**Problem to work on:** Could you restate, word for word, the line that has "this 968×544 image." and all lines following it through the end of the entries below?

Content starts

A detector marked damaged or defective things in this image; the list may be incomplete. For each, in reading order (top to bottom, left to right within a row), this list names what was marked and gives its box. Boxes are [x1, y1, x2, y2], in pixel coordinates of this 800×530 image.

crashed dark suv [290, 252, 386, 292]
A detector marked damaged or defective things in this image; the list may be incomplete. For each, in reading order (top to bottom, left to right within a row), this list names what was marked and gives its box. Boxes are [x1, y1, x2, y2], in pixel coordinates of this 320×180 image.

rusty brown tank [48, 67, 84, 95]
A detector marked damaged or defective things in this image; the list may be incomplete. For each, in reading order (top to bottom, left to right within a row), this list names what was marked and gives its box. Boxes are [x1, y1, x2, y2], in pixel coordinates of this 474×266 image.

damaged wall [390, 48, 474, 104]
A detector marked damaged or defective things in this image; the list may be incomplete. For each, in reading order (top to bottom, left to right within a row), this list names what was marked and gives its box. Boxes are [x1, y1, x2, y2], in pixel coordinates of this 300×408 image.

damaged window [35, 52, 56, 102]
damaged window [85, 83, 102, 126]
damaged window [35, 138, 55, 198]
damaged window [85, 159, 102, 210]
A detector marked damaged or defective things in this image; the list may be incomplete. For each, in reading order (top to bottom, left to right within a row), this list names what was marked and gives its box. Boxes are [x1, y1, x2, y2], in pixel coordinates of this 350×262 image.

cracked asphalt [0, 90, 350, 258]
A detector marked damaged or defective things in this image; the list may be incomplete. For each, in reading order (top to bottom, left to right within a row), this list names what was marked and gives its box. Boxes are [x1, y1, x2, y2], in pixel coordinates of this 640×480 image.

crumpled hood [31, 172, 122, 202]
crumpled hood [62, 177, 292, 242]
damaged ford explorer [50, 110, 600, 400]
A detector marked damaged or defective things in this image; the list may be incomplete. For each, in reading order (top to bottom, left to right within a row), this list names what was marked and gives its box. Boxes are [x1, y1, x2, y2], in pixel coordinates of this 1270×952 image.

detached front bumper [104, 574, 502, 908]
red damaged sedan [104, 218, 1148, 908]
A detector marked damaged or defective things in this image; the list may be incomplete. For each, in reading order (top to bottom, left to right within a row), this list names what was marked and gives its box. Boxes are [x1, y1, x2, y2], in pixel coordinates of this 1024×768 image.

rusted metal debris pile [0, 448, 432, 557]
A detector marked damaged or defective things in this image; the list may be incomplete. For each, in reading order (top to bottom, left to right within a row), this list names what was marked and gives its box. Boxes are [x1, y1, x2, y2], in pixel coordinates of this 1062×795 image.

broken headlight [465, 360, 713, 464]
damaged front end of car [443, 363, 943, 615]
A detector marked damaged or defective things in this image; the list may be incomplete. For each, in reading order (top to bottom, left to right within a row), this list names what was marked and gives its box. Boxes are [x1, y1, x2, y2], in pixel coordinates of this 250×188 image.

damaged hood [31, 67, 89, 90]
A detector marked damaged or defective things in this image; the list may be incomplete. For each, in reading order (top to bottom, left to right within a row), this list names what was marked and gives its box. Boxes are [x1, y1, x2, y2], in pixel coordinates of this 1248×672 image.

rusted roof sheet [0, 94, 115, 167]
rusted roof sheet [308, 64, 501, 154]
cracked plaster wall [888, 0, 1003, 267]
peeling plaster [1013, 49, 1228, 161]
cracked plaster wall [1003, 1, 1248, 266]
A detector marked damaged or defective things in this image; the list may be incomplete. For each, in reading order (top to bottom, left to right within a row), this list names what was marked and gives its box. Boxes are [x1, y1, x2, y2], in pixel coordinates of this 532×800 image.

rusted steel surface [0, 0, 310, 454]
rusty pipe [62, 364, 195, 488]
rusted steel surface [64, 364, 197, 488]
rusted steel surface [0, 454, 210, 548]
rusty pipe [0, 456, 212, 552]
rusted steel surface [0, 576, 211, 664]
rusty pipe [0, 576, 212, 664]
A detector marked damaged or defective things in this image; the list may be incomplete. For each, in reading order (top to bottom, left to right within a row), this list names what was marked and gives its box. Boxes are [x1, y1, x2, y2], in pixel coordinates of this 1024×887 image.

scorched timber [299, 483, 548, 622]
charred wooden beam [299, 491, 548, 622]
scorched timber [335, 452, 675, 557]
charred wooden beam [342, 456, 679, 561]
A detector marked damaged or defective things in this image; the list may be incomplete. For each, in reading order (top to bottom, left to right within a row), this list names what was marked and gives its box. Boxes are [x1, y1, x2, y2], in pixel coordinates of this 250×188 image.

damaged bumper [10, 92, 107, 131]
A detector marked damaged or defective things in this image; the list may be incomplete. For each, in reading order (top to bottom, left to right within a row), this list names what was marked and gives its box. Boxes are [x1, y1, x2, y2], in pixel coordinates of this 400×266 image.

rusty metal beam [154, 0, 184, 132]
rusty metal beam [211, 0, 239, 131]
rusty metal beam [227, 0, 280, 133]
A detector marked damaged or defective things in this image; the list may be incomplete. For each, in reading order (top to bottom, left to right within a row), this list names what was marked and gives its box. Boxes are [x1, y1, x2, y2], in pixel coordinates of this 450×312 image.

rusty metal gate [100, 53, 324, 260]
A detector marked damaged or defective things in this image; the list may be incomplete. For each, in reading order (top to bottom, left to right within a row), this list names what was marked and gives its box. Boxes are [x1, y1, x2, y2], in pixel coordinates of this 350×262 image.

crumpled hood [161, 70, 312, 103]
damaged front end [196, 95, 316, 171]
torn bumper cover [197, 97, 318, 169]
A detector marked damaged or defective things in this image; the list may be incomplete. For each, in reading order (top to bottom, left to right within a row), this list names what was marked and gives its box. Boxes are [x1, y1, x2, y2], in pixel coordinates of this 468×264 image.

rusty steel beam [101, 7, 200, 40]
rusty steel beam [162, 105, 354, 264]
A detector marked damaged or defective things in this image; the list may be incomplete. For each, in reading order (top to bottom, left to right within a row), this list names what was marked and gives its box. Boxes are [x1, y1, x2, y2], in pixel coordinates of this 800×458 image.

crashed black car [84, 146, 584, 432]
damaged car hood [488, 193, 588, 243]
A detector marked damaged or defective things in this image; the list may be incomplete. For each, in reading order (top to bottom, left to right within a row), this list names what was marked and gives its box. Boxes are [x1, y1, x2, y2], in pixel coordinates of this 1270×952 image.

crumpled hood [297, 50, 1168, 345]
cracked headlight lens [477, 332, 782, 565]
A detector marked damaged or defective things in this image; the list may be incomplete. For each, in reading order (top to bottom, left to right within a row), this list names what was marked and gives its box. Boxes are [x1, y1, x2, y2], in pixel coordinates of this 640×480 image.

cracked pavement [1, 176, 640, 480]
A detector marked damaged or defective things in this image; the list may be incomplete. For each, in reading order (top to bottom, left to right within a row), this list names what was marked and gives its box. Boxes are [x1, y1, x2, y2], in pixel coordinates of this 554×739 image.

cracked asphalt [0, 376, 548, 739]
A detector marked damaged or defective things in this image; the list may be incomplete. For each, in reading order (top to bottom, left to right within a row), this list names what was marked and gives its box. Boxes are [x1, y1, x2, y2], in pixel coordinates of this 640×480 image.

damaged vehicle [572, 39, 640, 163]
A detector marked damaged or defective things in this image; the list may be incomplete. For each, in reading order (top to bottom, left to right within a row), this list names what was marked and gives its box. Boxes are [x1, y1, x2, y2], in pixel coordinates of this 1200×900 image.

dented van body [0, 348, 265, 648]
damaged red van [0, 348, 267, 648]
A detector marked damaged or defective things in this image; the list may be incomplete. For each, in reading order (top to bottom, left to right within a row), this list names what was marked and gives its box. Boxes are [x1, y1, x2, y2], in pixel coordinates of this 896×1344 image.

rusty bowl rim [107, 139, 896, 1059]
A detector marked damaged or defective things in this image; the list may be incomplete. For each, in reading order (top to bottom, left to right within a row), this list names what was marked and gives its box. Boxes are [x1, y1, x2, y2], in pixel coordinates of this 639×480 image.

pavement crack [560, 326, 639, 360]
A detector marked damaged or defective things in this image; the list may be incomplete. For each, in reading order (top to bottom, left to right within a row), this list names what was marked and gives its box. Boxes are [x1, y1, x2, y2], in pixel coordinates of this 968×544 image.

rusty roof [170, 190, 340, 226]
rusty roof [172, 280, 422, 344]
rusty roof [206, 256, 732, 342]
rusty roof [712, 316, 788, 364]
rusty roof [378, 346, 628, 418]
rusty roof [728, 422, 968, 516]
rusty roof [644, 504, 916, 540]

Content ends

**Solution to this problem:**
A detector marked damaged or defective things in this image; the list may be incomplete. For each, in reading order (top to bottom, left to right within a row), this list names what was marked and gives its box. Boxes are [x1, y1, x2, y2], in pixel coordinates of this 968×544 image.

rusty roof [170, 190, 340, 226]
rusty roof [172, 280, 422, 344]
rusty roof [206, 256, 732, 342]
rusty roof [712, 316, 788, 364]
rusty roof [378, 346, 628, 418]
rusty roof [728, 422, 968, 516]
rusty roof [644, 504, 916, 540]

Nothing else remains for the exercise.